Zanthoxylum ovalifolium, commonly known as thorny yellowwood, oval-leaf yellow wood or little yellowwood, is a species of flowering plant in the family Rutaceae. It is a shrub or tree usually with trifoliate leaves, white, male and female flowers arranged in panicles in leaf axils or on the ends of branchlets and red, purple or brown follicles.

==Description==
Zanthoxylum ovalifolium is a shrub or tree that typically grows to a height of 8 m and often has prickles on its branchlets and thick, conical spines on its older stems. It has trifoliate leaves 75–210 mm long, often with simple leaves on the same twig. The leaflets are elliptical to egg-shaped with the lower end towards the base, 60–180 mm long, 25–70 mm wide and sessile, the end leaflet sometimes on a petiolule up to 5 mm long. The flowers are arranged in leaf axils, on the ends of branchlets, or both, in panicles up to 120 mm long, each flower on a pedicel 2.5–3 mm long. The four sepals are 0.5–1 mm long and the four petals white and about 2.5 mm long. Male flowers have four stamens 2.5–3 mm long with a sterile, narrow oval carpel about 0.5 mm high. Female flowers have a single carpel 1.5–2 mm long, and sometimes rudimentary stamens. Flowering occurs in summer and the fruit is a spherical red, purple or brown follicle 6.5 mm wide.

==Taxonomy==
Zanthoxylum ovalifolium was first formally described in 1839 by Robert Wight in his book, Illustrations of Indian Botany, from specimens collected in the "Shevagerry hills in flower, and fruit in August and September".

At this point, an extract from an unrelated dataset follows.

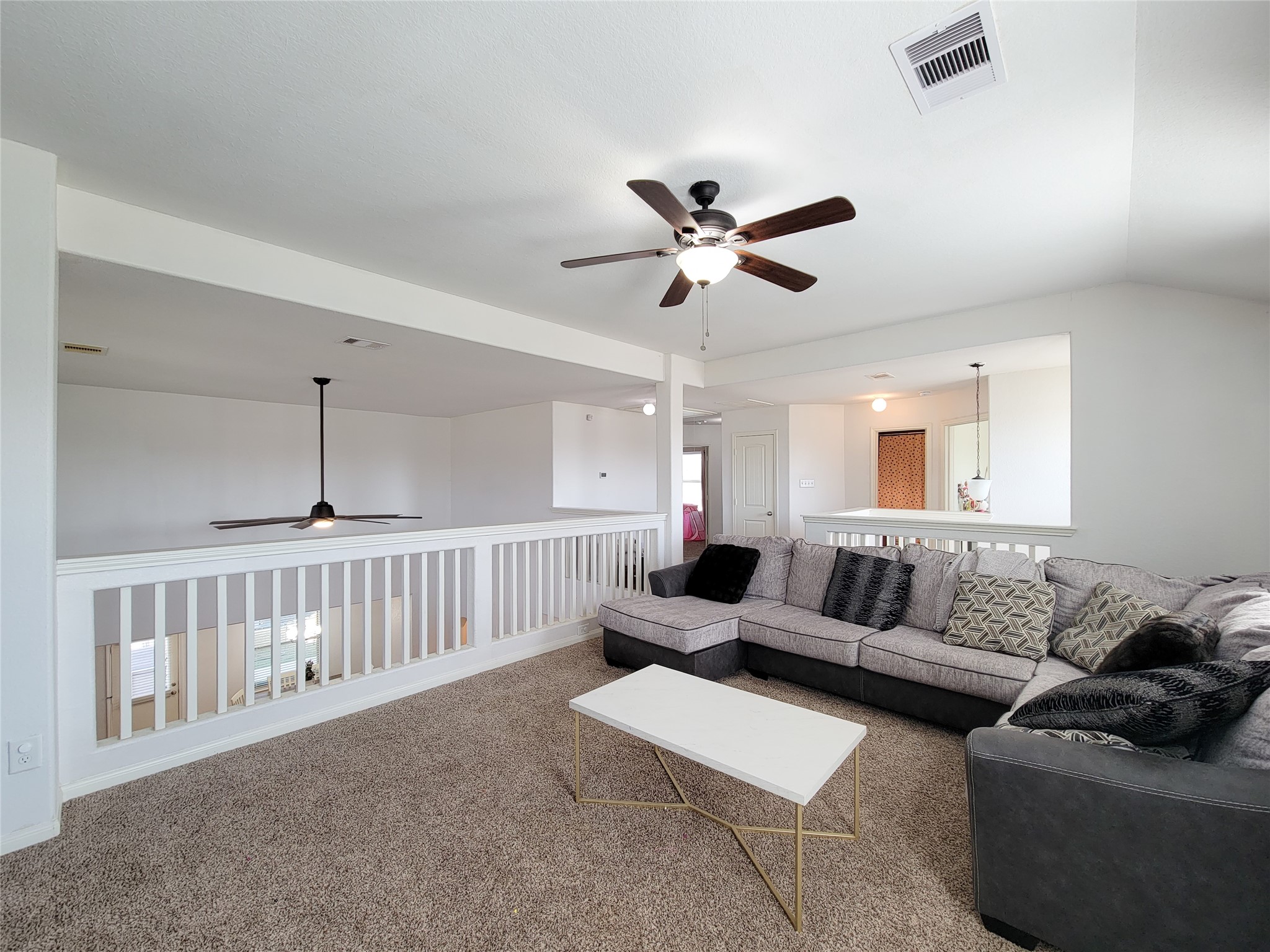 108 Sam Drive Dayton, TX 77535 - Photo 27 of 38 a living room with furniture and a window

==Distribution and habitat==
Thorny yellowwood is a widespread species, found from India, through southeast Asia, Malesia, New Guinea, and Queensland. In Australia it occurs between the Daintree River and Ravenshoe, growing in rainforest at altitudes between 100 and 1260 m.

==Uses==
===Timber===
Thorny yellowwood is a timber tree valued for its hard, yellowish-white, close-grained wood.

===Medicinal uses===
The fruits of this species are reported to have "astringent, stimulative, and digestive properties".

===Essential oils===
The fruits yield the essential oils myrcene and safrole.